* [Extracted material]

________________

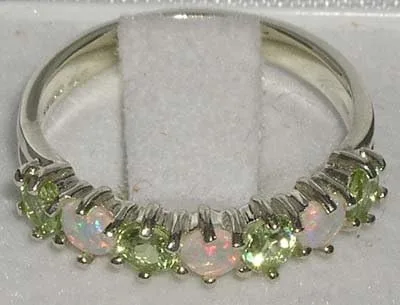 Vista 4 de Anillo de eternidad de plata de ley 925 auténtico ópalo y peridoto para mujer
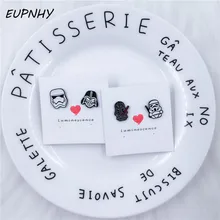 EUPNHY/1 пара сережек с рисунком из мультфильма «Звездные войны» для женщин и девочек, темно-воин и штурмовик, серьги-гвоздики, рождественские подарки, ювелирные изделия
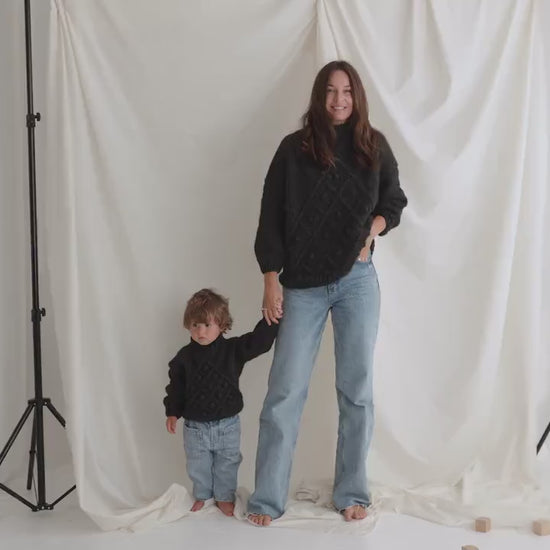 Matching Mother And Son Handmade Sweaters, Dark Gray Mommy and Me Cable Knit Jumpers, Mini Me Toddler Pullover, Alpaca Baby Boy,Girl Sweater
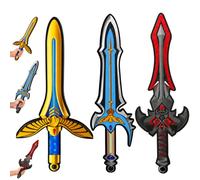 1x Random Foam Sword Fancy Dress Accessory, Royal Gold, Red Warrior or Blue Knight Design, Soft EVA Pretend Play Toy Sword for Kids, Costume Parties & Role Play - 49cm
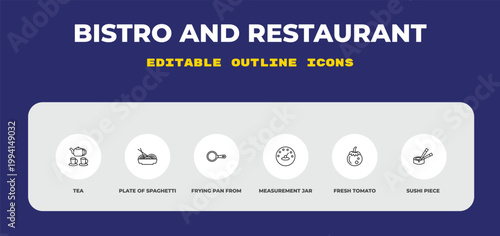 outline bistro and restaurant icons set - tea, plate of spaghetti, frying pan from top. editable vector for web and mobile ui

________________

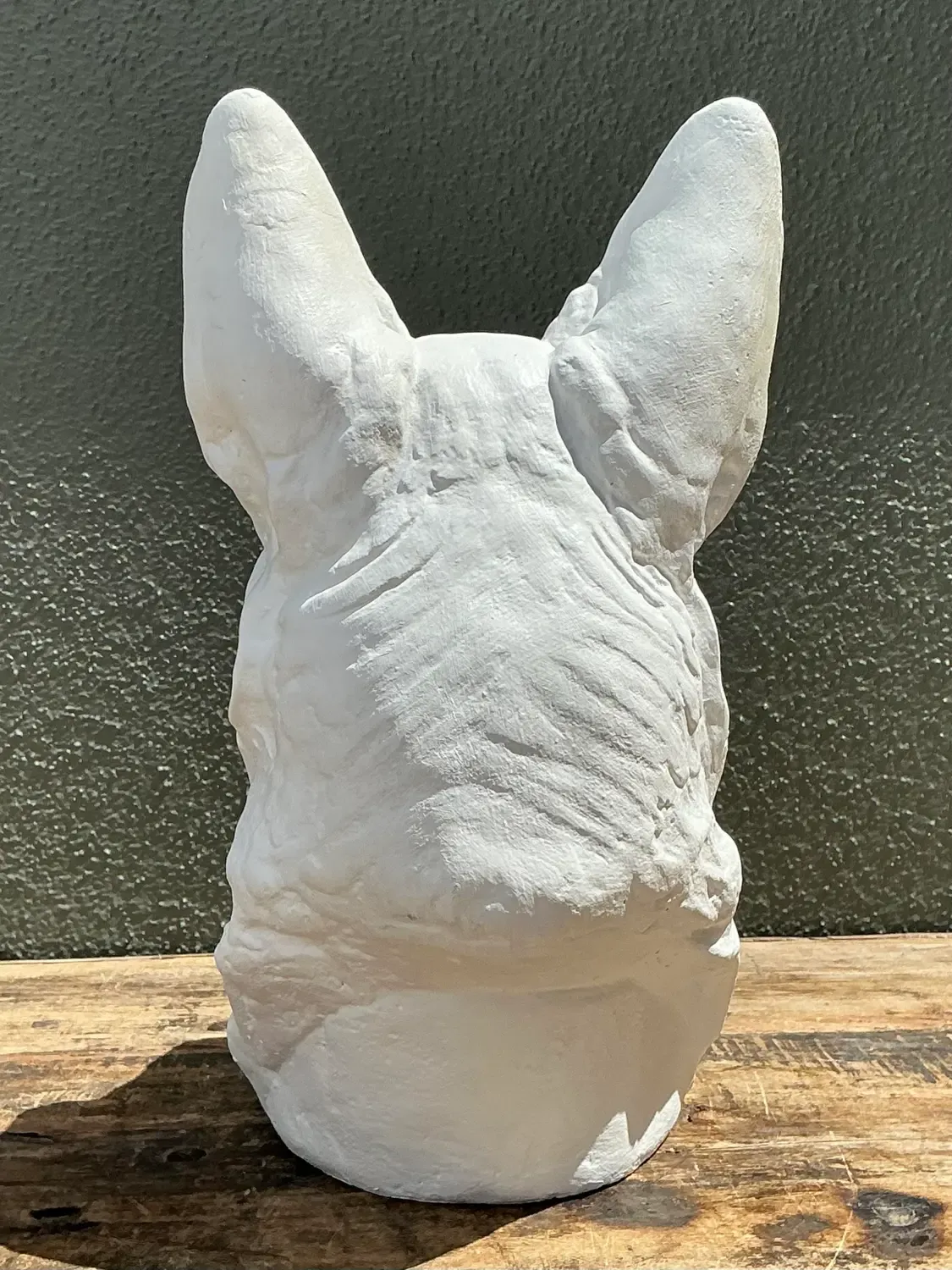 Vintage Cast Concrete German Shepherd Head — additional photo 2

________________

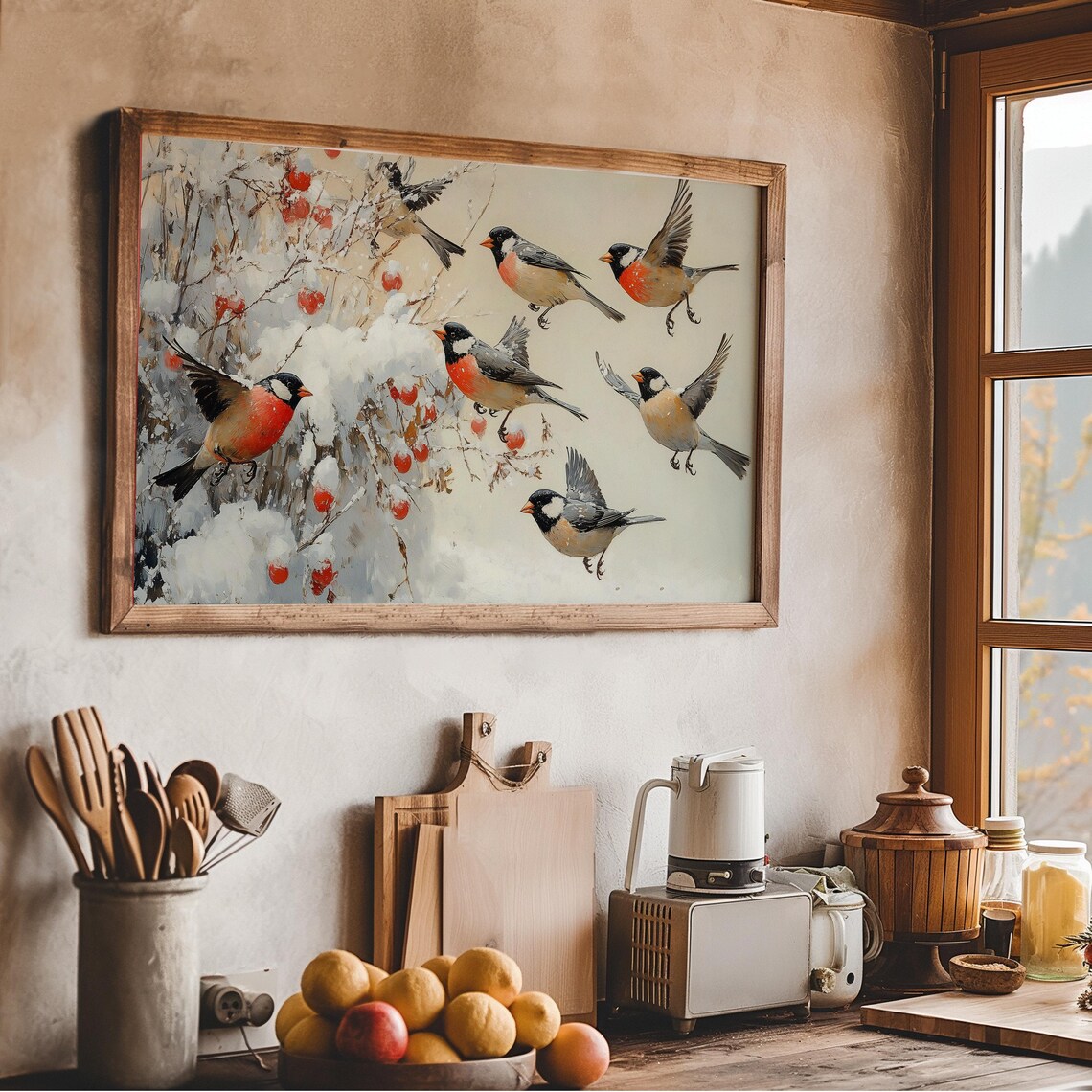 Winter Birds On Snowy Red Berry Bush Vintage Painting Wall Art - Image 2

________________

* [What is required] In the listing above, find the line with "1x Random Foam" and the line with "outline bistro and". Output both, plus every line between them, and no pictures.

* [Finished exercise]
 1x Random Foam Sword Fancy Dress Accessory, Royal Gold, Red Warrior or Blue Knight Design, Soft EVA Pretend Play Toy Sword for Kids, Costume Parties & Role Play - 49cm
 outline bistro and restaurant icons set - tea, plate of spaghetti, frying pan from top. editable vector for web and mobile ui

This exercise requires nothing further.